Y desde entonces lo espero. No como quien espera que lo saluden, sino como quien se topa con un recordatorio tierno de que las cosas no siempre tienen que suceder cuando se supone que deben suceder.
Porque si algo he aprendido es eso: que hay procesos que toman su tiempo, y hay personas que florecen en otros calendarios.
En un mundo que nos premia por llegar rápido, responder pronto, avanzar sin pausa, detenerse se convierte en un acto de resistencia. De dignidad. Y a veces también, de sanación. Pensé en todas las veces que me he juzgado por no avanzar “como debería”. Por no llegar a tiempo. Por no ser la versión brillante que otros esperaban, o que incluso sólo yo creo que otras personas esperan. Pero como escribió Clarissa Pinkola Estés: “Lo que se necesita para domesticar a la mujer salvaje no es controlarla, sino dejar que florezca en su propia estación”. Y no hay estación más perfecta que la que una misma decide habitar.
Durante mucho tiempo, pensé que llegar tarde a ciertos lugares era sinónimo de fallo: no ser lo que se esperaba, no estar donde había que estar, no cumplir con los plazos sociales, familiares, internos. Lo que nadie me dijo —al menos no con palabras— es que hay decisiones que se maduran como frutas tercas. Que a veces no te cambia la vida una gran noticia, sino una voz inesperada en la hora equivocada.

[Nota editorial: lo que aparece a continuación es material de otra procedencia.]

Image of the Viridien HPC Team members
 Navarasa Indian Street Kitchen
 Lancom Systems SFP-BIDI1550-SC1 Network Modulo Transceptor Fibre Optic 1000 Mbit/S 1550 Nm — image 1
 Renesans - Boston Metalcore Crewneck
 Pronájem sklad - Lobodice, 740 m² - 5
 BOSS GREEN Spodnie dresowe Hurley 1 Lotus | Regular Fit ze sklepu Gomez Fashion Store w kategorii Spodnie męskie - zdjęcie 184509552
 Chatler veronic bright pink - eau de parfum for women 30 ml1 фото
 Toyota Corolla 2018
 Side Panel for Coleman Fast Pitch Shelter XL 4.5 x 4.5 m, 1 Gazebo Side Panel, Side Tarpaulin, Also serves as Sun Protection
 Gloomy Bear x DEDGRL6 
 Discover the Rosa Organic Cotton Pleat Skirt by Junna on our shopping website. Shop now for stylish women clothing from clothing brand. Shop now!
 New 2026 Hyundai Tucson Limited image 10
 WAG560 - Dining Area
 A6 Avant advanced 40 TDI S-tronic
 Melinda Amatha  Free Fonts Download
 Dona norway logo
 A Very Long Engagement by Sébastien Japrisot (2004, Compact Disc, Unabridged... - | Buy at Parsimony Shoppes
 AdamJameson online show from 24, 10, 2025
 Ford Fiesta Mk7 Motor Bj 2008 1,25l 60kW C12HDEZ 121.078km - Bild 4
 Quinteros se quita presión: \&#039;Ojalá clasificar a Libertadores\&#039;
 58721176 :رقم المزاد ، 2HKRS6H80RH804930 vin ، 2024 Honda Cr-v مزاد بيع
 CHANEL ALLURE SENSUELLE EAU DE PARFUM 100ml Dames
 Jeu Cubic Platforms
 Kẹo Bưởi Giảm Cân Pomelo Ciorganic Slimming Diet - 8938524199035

El canto de ese gallo me trajo a la mente los espacios en los que trabajo ahora. Donde lo urgente siempre intenta comerse lo importante. Donde incluso lo que amamos puede doler si no dejamos un espacio para lo que simplemente es.
Y sin embargo, ahí estoy. Como muchas. Intentando escuchar. Hacer lugar. Aguantar las dudas, los cambios, el ruido de los demás y el mío. A veces queriendo correr y otras, sabiendo que es mejor quedarse y observar.
El gallo que no canta al amanecer.
No cumple su parte del guión.
Y aun así, canta.
Y su canto no es menos válido, no es menos gallo.
Tal vez eso somos también algunas personas: versiones aplazadas, pero no erradas. Ritmos otros. Caminos que no encajan en los mapas, pero que igual llegan. Si, eso, somos camino.
Y no es que una deje de sentir que va tarde. Es que un día, sin querer, te detienes a escuchar… y entiendes que hay belleza incluso en no llegar a tiempo.